2. The hook: Riverine is a book about the author’s youth, adolescence, and young adulthood and her relationship with her hometown and family, but intertwined with these is her connection to Corey, the neighbor boy she adored for years. The possibility of their future together is truncated when Corey is convicted of murdering two people and sentenced to life in prison. Still, Angela Palm can’t let him go, and a significant portion of the book considers what happened to the compassionate boy she knew, and how she comes to grips with the fact that she can’t let him go.

There was light and love at his core, and I had known it as my own. It had corrupted, somehow, dividing and dividing, rooting low, far from the sun.

3. The structure: While Riverine doesn’t share the range of essay forms used in Leslie Jamison’s The Empathy Exams, there’s a little of something for everyone in Riverine. Organized into three sections, the book works as a memoir in linked essays. Two of them stood out to me. “Dispatches from Anywhere But Here” considers locales and buildings through the lens of different criminal justice theories, while “On Robert Frost’s Lawn” has a quasi-dreamlike tone. Neither of these pieces was my favorite, but they both hint at the deep well of talent Ms. Palm has to draw from. This author has a lot left in the tank.

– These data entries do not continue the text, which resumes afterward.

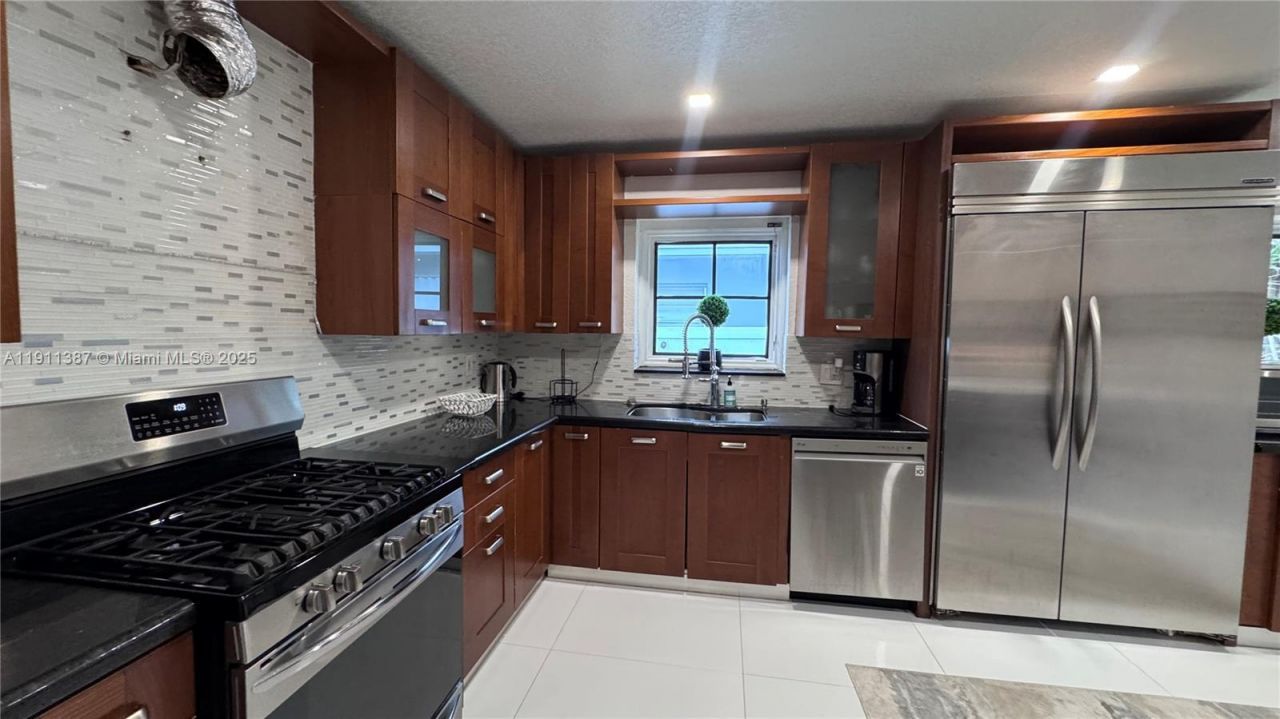 1332 Van Buren St (avail 04/01/2026), Hollywood, FL 33019 Photo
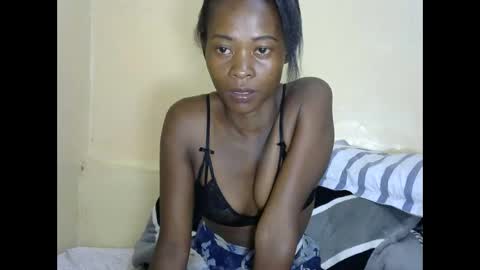 LIANAH online show from January 17, 2025, 10:12 pm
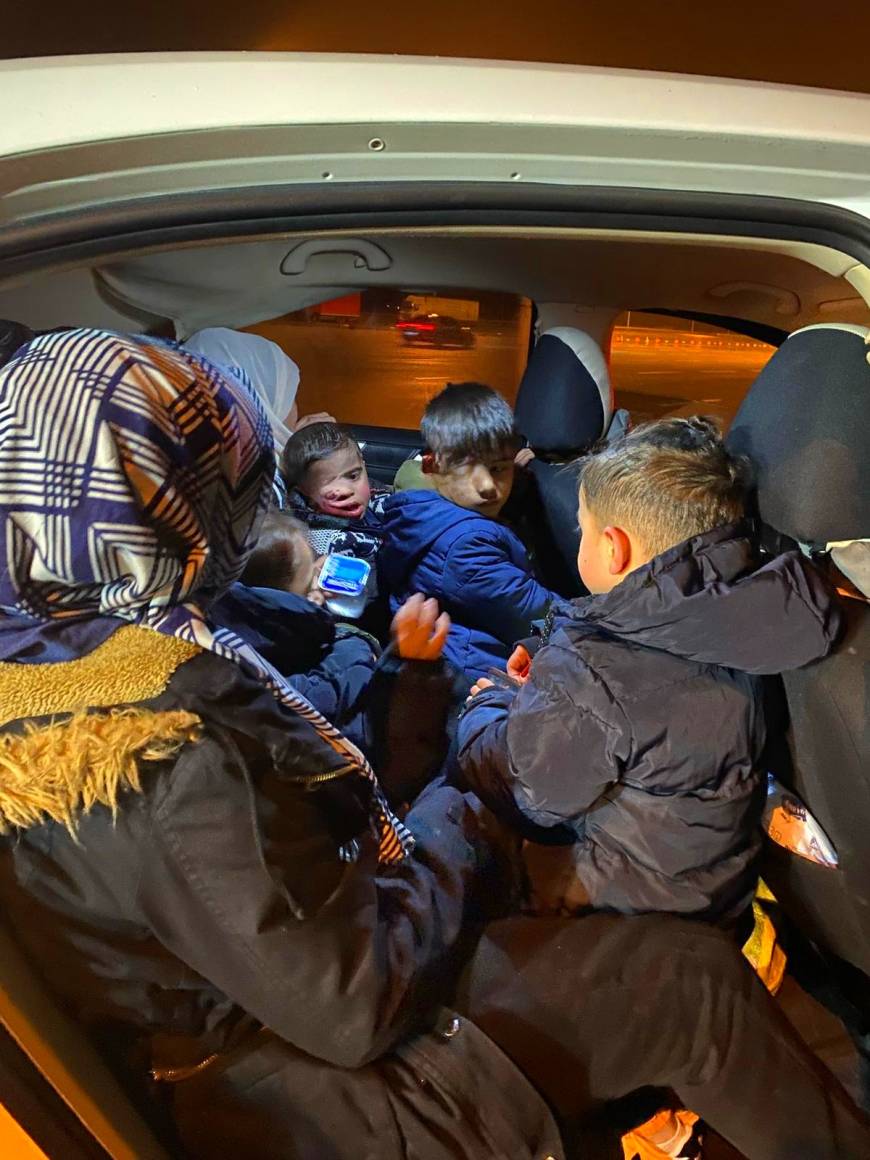 Bursa'da 13 kaçak gömen yakalandı, 1 organizatör tutuklandı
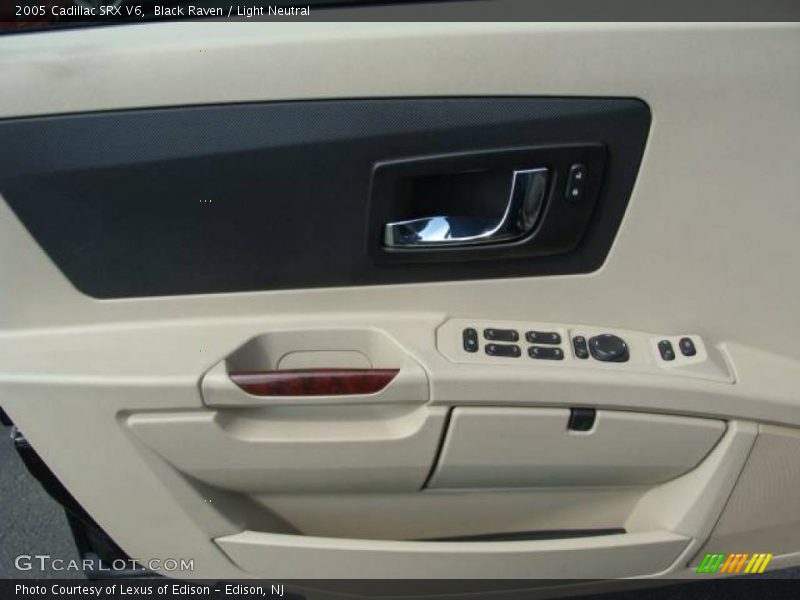 Black Raven / Light Neutral 2005 Cadillac SRX V6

Unbroken windows are an illusion, like small towns, meant to tell us that “nothing bad happens here.” But it’s not true. The problems of humans manifest wherever humans are, razing each landscape raw as freshly tattooed skin.

4. The publisher: I know I don’t write much about which publishers and imprints I prefer, but friends—Graywolf. It’s a nonprofit press that brings out some of the best poetry, fiction, and nonfiction out there. If you spot those three wolves on the spine, chances are you’re in for a real treat, and Riverine is no exception.

5. The writing: I’ve been giving snippets throughout this list, so hopefully the work speaks for itself. Here’s another bit I liked:

The need to look at other landscapes for clues about what already lies within us is real. It is a variation on distance, that thing you need to put between yourself and a problem in order to see it clearly.

I think that goes for reading, too.

*I received a copy of this book from the publisher for review purposes, which did not affect the content of my review.

9 thoughts on “5 Reasons to Read: Riverine, by Angela Palm

  1. I just finished reading this book last night for a BookBrowse review. It was a little too drifty-dreamy for me in places, and I didn’t always like how the quotations from other authors and meta moments made it feel more like essays than a memoir, but otherwise I liked it for the reasons you did. Her use of metaphors was very striking, and I loved the Corey material (the ‘core’ of the book?).

    I’ve read some great ones from Graywolf, like Eula Biss’s On Immunity and Airmail (letters between Robert Bly and Tomas Transtromer). They also published Grief Is the Thing with Feathers when it came over from the UK.

  2. I echo your thoughts on Graywolf. They are quite possibly the first imprint that I ever took note of, the first time that I realized that I could choose books by publisher in much the same way that I chose by author. I’ve never been disappointed (although obviously some are more perfectly matched to me as a reader than others)!